Fullmetal Alchemist Brotherhood surely is ironic.
oh the beautiful irony.
In fact this show should be called FullIrony Alchemist.
ok look i love this post but i have 2 big problems with it. one is that mustang isn’t a womanizer – he has the persona of a womanizer, in order to get ahead at his job but keep a low profile while he does it, but other people have written meta about that and done a better job than me so i’m not gonna get into that. what i DO wanna get into is greed’s death, because a lot of people seem to misread his death (just like this.)
yes, his death was partially because he was absorbed for his philosopher’s stone. but i think people miss out on the rest of it: he sacrificed himself. his last action wasn’t greed, it was selflessness.
at the very end, ling was the one holding him in. greed wasn’t fighting back; he was willing to be absorbed, because he had a plan to weaken father. he knew this plan would likely kill him. ling didn’t know about the plan, so ling was trying to hold onto him, and greed lied to him in order to get him to let go. then he shouted out “now, lan fan!” and lan fan chopped father’s arm off, separating greed and ling forever. this implies that they planned this before hand, maybe as a last resort, but it was planned. greed was going to sacrifice himself so that ling (and his other new friends) would be safe.
i think there is certainly irony in greed’s death, but it comes from the fact that he willingly allowed it. his act of selflessness was what led to his death, not the greed of another person.
the element of irony in Lust’s death is complicated by a few factors, i think, including firstly that she died first before the pattern was set up, but more importantly that her relationship to her name-sin was different from those of the other homunculi.
unlike her brothers, there’s no evidence she’s herself particularly susceptible to the impulse she’s named for. which can in Doylistic terms be largely attributed to Arakawa following an existing sexist set of types for depicting the Seven Deadly Sins, but in-setting we can take as indicating that acquiring a human body did not make Flask Homunculus particularly horny, or at least not particularly inclined to aim that at anyone. (ace villain mood possibly lmao.)

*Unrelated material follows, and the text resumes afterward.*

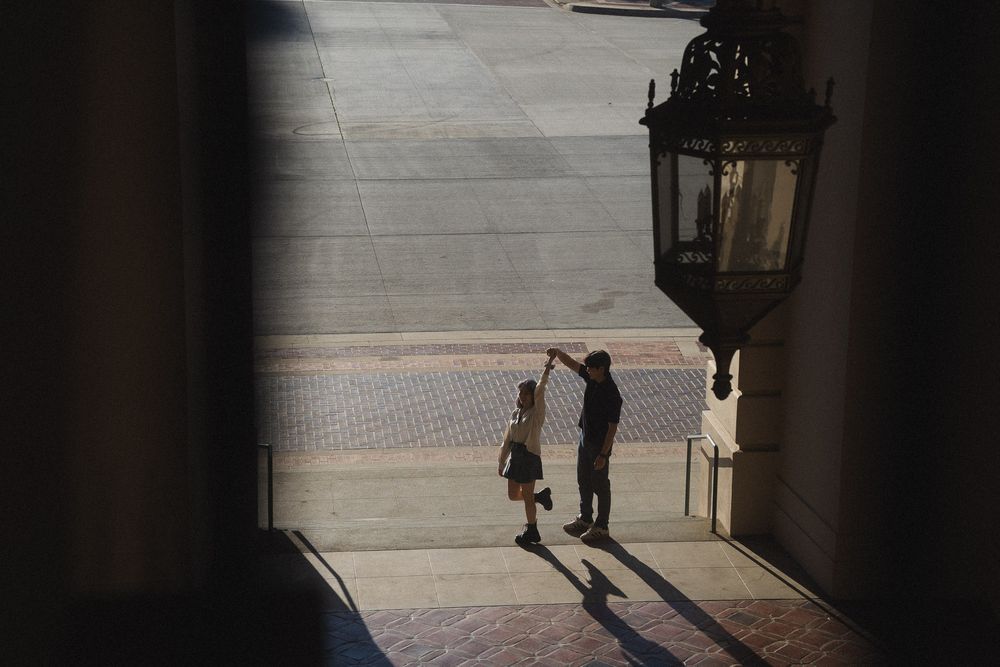 Romantic wide shot of couple dancing under the arches of Pasadena City Hall Los Angeles.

instead the self-element he expelled for the concept of Lust seems to revolve mainly around the capacity to be sexually wanted and objectified by others.
when Lust dies, it’s directly because of the casual murder attempt she made on someone she’d weaponized her desirability against, in the attempt to manipulate his feelings for information. it’s because she stabbed her disposable fake boyfriend.
she doesn’t die because of what she is, or because she went up against Roy Mustang, or because she underestimated humans, or because of her father’s plans, or anything like that.
Lust dies because she does not respect the way people care about each other, doesn’t understand it, regards human relationships in zero-sum terms and affection as something to exploit.
Lust dies because while she didn’t love Havoc, not in the most infinitesimal degree, somebody did.